→ RECORDS:
┌──

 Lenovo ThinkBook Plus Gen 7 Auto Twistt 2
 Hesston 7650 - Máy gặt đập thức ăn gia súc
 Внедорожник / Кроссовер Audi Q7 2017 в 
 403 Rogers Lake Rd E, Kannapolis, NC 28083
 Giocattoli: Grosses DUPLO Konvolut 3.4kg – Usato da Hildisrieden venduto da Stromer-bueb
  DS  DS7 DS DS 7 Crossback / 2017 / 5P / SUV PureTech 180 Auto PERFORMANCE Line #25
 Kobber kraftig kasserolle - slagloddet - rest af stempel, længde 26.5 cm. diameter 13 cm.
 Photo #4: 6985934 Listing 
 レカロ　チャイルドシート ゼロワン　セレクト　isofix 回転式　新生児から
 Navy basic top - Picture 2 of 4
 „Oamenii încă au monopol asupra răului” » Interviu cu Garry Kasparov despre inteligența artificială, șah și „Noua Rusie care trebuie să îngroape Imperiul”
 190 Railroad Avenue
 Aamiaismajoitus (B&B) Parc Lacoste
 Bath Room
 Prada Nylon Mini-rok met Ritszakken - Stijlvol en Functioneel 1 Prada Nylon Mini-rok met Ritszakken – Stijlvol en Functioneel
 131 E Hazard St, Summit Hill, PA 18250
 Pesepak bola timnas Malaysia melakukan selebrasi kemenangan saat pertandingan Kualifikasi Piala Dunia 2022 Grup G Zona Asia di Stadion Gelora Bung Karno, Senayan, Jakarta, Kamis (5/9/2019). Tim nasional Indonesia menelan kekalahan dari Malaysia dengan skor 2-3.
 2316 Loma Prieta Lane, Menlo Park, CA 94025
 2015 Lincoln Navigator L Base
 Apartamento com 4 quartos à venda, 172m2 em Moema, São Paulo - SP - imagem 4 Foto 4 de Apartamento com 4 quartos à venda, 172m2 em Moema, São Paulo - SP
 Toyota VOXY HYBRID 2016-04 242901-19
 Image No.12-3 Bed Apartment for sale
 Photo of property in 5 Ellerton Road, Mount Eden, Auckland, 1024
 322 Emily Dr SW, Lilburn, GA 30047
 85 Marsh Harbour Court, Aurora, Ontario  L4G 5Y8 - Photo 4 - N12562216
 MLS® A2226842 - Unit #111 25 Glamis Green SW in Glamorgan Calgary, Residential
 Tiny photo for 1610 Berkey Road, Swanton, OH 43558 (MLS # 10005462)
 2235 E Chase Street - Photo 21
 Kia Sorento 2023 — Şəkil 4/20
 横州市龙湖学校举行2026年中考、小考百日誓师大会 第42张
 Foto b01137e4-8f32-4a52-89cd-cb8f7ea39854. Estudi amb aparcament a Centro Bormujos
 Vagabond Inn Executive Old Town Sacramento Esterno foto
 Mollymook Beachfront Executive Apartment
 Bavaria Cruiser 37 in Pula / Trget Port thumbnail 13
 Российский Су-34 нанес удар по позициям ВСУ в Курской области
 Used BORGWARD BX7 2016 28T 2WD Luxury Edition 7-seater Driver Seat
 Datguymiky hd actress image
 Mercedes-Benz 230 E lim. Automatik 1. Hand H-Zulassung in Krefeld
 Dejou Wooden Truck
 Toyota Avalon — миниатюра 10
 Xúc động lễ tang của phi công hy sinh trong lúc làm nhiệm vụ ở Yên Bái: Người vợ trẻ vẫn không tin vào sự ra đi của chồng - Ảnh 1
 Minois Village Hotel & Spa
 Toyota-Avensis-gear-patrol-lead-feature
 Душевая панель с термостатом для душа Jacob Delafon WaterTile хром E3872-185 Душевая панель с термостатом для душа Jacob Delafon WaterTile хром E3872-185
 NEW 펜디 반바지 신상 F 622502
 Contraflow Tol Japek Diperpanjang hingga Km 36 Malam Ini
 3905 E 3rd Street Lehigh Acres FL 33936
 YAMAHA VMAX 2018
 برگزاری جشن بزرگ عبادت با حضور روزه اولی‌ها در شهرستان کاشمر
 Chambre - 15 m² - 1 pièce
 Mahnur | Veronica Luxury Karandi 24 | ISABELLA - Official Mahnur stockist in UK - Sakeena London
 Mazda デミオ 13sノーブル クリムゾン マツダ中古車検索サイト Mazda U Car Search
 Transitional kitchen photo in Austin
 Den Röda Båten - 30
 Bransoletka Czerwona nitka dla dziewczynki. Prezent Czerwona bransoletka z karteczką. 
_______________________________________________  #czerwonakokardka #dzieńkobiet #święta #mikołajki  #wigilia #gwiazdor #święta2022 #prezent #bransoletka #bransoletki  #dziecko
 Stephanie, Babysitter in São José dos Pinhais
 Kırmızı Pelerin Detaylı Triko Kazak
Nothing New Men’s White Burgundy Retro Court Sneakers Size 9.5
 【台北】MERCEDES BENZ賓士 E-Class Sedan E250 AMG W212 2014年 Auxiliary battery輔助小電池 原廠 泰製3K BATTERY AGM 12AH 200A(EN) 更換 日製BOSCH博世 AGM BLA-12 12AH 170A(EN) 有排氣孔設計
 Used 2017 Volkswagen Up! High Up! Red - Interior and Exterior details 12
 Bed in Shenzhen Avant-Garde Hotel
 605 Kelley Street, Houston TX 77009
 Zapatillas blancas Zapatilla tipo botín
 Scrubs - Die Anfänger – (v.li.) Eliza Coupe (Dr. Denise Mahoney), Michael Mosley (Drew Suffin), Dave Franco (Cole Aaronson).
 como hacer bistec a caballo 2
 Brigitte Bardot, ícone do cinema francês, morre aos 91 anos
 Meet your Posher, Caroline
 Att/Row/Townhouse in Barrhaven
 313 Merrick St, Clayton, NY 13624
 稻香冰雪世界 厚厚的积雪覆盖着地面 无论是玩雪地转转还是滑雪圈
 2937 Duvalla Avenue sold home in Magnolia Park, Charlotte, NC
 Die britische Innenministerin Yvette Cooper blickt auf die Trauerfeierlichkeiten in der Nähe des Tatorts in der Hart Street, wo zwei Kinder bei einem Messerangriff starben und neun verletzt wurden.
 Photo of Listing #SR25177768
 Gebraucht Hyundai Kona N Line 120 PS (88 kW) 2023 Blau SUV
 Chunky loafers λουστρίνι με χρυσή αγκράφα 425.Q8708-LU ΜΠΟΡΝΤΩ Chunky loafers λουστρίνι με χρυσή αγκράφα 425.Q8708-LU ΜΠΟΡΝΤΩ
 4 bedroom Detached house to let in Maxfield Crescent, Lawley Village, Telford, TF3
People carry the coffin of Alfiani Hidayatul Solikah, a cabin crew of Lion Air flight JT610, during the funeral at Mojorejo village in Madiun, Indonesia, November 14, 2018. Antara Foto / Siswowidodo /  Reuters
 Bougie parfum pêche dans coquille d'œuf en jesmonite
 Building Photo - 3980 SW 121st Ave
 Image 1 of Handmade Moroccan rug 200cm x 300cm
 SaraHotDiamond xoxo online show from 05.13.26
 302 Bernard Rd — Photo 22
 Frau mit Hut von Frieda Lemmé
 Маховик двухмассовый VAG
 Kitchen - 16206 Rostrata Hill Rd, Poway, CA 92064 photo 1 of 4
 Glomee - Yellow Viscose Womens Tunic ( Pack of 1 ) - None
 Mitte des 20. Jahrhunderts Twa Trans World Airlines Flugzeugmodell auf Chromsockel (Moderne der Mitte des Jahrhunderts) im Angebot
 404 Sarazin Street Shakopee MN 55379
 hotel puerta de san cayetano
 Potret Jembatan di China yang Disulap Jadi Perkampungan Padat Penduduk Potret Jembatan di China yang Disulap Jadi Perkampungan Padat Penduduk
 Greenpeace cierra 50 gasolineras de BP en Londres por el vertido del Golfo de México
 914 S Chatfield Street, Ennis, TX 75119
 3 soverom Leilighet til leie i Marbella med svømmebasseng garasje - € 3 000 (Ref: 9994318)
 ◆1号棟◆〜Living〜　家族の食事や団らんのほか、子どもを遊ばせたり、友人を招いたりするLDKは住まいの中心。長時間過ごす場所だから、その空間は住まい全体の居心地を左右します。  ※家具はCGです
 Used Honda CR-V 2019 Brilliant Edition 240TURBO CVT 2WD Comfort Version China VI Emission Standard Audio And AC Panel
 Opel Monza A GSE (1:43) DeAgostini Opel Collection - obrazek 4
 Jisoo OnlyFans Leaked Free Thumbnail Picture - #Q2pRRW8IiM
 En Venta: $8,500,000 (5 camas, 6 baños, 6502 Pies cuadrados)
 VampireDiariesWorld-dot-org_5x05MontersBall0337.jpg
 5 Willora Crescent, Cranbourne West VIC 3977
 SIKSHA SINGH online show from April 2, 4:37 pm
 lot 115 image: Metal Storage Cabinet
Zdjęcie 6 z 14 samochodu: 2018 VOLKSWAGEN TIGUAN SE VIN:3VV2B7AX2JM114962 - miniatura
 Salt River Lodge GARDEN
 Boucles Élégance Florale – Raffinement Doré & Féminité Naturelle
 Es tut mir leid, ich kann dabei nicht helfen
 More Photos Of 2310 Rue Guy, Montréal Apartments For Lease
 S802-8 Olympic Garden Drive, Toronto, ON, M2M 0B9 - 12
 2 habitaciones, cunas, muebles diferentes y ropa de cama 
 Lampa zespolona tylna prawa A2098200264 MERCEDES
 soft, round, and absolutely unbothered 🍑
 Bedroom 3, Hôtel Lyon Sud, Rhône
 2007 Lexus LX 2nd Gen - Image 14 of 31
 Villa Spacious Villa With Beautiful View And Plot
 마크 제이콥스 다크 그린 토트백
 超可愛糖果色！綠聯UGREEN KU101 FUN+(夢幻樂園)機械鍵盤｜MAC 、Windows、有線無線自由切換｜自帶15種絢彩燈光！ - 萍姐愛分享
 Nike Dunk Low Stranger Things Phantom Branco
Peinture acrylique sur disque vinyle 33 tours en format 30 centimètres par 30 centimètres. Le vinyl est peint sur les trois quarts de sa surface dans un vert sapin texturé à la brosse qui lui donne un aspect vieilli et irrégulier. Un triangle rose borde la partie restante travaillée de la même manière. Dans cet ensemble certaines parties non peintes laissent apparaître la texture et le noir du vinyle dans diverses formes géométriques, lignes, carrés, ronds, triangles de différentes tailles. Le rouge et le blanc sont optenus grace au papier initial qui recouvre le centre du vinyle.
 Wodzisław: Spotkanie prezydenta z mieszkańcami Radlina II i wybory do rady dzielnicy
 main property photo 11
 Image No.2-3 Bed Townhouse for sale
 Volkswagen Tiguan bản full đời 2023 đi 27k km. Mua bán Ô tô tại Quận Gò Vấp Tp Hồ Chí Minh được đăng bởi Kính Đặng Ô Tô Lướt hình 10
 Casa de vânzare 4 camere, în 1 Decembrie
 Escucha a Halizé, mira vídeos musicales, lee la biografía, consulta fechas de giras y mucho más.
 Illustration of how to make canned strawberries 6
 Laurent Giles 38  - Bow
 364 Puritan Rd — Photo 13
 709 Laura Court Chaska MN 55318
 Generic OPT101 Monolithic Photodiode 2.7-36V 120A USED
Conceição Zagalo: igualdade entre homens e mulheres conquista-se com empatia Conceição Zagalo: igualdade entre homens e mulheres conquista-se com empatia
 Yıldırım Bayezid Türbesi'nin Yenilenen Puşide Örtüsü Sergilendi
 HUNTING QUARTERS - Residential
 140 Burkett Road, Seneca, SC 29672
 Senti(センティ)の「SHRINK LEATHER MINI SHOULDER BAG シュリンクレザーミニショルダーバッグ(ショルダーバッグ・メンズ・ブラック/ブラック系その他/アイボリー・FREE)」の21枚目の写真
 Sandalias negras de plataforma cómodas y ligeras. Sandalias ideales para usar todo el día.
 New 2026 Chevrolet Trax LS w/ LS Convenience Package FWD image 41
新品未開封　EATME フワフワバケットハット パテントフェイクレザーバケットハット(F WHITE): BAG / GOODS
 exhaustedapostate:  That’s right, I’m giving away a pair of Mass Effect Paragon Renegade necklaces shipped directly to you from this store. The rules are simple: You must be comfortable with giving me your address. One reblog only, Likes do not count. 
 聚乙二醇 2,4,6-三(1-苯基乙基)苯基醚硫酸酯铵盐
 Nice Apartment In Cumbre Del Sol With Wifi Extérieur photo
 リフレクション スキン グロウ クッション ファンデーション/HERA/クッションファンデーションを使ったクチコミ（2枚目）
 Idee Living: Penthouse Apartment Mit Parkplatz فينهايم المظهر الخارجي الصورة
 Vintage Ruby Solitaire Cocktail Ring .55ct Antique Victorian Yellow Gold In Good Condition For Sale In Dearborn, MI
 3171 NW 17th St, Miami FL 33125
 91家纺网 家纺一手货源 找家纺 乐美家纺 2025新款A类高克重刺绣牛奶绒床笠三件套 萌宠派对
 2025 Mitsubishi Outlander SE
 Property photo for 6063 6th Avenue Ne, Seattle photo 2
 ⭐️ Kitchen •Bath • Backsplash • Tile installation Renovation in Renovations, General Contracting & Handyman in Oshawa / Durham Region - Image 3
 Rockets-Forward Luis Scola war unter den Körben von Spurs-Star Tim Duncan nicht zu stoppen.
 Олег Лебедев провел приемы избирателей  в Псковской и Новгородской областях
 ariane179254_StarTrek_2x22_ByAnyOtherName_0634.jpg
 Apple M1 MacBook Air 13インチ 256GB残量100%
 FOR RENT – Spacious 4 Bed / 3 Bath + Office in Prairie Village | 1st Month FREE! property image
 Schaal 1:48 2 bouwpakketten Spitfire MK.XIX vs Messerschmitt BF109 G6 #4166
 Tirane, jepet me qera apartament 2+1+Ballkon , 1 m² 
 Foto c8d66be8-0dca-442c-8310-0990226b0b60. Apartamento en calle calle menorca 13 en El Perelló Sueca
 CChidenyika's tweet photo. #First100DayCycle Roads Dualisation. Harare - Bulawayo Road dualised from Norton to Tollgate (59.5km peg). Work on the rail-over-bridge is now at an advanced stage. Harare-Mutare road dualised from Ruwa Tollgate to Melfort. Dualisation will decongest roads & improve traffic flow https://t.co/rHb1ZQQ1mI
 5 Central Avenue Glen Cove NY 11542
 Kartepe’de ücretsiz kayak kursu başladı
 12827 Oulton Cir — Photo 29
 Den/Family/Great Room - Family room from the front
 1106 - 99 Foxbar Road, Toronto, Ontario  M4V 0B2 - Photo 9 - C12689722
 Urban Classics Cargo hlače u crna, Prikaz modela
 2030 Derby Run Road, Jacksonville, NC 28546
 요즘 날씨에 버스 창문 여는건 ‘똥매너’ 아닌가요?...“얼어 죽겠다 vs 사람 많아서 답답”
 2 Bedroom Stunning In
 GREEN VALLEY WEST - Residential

└──

→ PROBLEM TO WORK ON: Copy out, exactly and alone, the lines of the entries above between the ones holding "Gebraucht Hyundai Kona" and "Glomee - Yellow", inclusive.

→ RESPONSE TO THIS TASK:
 Gebraucht Hyundai Kona N Line 120 PS (88 kW) 2023 Blau SUV
 Chunky loafers λουστρίνι με χρυσή αγκράφα 425.Q8708-LU ΜΠΟΡΝΤΩ Chunky loafers λουστρίνι με χρυσή αγκράφα 425.Q8708-LU ΜΠΟΡΝΤΩ
 4 bedroom Detached house to let in Maxfield Crescent, Lawley Village, Telford, TF3
People carry the coffin of Alfiani Hidayatul Solikah, a cabin crew of Lion Air flight JT610, during the funeral at Mojorejo village in Madiun, Indonesia, November 14, 2018. Antara Foto / Siswowidodo /  Reuters
 Bougie parfum pêche dans coquille d'œuf en jesmonite
 Building Photo - 3980 SW 121st Ave
 Image 1 of Handmade Moroccan rug 200cm x 300cm
 SaraHotDiamond xoxo online show from 05.13.26
 302 Bernard Rd — Photo 22
 Frau mit Hut von Frieda Lemmé
 Маховик двухмассовый VAG
 Kitchen - 16206 Rostrata Hill Rd, Poway, CA 92064 photo 1 of 4
 Glomee - Yellow Viscose Womens Tunic ( Pack of 1 ) - None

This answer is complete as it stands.